Il caso in esame torna a trattare del reato di diffamazione a mezzo social, ovvero per un post scritto sul profilo facebook pubblico dell’imputato, soffermandosi sul trattamento sanzionatorio, nel senso, secondo la tesi difensiva, della «illogicità della scelta sanzionatoria del Tribunale, che ha optato per una pena detentiva da infliggere al ricorrente, piuttosto che, come possibile in virtù dell’alternatività dell’editto di cui all'art. 595 cod. pen., per una pena soltanto pecuniaria».

Sicché, citando le indicazioni provenienti dalla giurisprudenza di legittimità, «il ricorso alla pena detentiva come risposta sanzionatoria al delitto di diffamazione, a mezzo stampa o non, sia consentito soltanto ove ricorrano circostanze eccezionali», per cui sulla base dell’interpretazione «convenzionalmente e costituzionalmente orientata della norma, invero, l’irrogazione di una pena detentiva, ancorché sospesa, per il delitto di diffamazione commesso, anche al di fuori di attività giornalistica, mediante mezzi comunicativi di rapida e duratura amplificazione (nella specie via Internet), deve essere connessa alla grave lesione di diritti fondamentali, come nel caso di discorsi di odio o di istigazione alla violenza».

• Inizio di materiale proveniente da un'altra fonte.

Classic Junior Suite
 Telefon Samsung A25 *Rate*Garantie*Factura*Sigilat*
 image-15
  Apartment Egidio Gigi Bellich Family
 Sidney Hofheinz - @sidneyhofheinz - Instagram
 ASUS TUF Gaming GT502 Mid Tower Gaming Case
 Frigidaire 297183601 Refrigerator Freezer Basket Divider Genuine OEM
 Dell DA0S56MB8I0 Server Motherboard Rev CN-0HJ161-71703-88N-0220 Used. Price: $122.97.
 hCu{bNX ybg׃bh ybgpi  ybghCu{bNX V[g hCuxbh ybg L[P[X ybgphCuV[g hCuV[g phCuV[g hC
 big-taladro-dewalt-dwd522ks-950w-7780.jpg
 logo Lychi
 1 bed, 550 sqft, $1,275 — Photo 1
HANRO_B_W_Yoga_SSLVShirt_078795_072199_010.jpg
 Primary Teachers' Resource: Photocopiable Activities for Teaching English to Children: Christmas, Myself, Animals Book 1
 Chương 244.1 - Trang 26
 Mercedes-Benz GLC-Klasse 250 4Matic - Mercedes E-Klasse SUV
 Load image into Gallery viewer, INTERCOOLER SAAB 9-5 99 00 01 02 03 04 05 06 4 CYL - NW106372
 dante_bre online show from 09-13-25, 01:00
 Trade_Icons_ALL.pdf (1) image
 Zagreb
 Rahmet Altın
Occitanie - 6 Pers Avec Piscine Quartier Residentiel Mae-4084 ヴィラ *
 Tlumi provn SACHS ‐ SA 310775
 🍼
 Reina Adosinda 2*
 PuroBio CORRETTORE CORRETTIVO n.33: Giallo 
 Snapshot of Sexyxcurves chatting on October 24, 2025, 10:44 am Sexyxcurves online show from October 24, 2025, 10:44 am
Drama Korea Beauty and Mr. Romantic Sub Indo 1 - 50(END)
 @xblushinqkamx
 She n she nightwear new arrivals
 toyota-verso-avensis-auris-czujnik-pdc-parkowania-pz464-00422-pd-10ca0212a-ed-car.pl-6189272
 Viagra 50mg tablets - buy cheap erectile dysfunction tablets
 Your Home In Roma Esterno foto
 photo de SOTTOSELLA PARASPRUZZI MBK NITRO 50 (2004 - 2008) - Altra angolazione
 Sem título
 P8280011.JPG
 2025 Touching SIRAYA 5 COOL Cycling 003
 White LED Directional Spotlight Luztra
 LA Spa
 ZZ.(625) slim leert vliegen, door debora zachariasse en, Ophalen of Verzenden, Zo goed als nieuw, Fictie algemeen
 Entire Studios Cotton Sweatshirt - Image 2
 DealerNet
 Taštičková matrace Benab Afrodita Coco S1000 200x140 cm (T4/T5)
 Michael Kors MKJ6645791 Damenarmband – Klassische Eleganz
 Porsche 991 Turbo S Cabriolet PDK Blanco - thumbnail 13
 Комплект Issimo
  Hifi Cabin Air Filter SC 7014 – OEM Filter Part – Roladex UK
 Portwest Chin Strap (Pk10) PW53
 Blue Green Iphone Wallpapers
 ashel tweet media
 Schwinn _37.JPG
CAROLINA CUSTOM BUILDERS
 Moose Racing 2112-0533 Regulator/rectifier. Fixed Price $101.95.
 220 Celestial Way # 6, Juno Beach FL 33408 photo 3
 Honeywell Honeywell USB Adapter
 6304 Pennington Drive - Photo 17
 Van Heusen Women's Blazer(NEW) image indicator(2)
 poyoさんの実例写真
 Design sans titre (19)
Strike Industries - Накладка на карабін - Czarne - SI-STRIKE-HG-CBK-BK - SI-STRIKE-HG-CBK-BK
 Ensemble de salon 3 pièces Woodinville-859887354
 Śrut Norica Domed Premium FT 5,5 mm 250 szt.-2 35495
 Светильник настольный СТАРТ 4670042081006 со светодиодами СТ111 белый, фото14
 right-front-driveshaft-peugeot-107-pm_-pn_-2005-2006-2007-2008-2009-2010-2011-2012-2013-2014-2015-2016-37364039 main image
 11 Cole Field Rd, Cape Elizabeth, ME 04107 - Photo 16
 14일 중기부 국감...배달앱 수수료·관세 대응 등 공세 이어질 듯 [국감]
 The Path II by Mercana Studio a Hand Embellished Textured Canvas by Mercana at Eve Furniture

Pertanto, dove non trovi «motivata la situazione eccezionale connessa alla grave lesione dei diritti fondamentali che l’ordinamento pone in bilanciamento con il diritto alla libera manifestazione del pensiero ex art. 21 Costituzione, la determinazione della pena come detentiva non è costituzionalmente giustificata, secondo un’ispirazione ermeneutica che proviene dalle affermazioni anche della giurisprudenza del giudice delle leggi» (cfr. Corte Cost. Sent. 150/2021). Infatti, secondo un’ispirazione interpretativa della giurisprudenza del giudice delle leggi, il reato di diffamazione si pone «al centro di un delicato e difficile equilibrio tra il diritto alla reputazione personale e il fondamentale diritto alla libertà di manifestazione del pensiero», ciò anche in considerazione della giurisprudenza della Corte EDU «elaborata con precipuo riferimento alla proporzione della pena detentiva nell’ambito dell’esercizio del diritto di cronaca e di critica giornalistica, per l’effetto dissuasivo che può determinare sulla libertà di espressione della stampa in generale, considerato il watch-dog della democrazia».

Con ciò, la giurisprudenza UE attribuisce rilievo «al rischio di effetto dissuasivo rispetto alla libertà di manifestazione del pensiero critico anche in relazione all’esercizio del diritto di critica non connesso con la libertà di stampa […] che, sotto il profilo della natura e della severità della sanzione che fa da contrappeso alla condotta di critica diffamatoria, si traduce in un monito a limitare la necessità della pena detentiva ai soli casi eccezionali» (Cass. Sez. V Pen. Sent. 29840/25).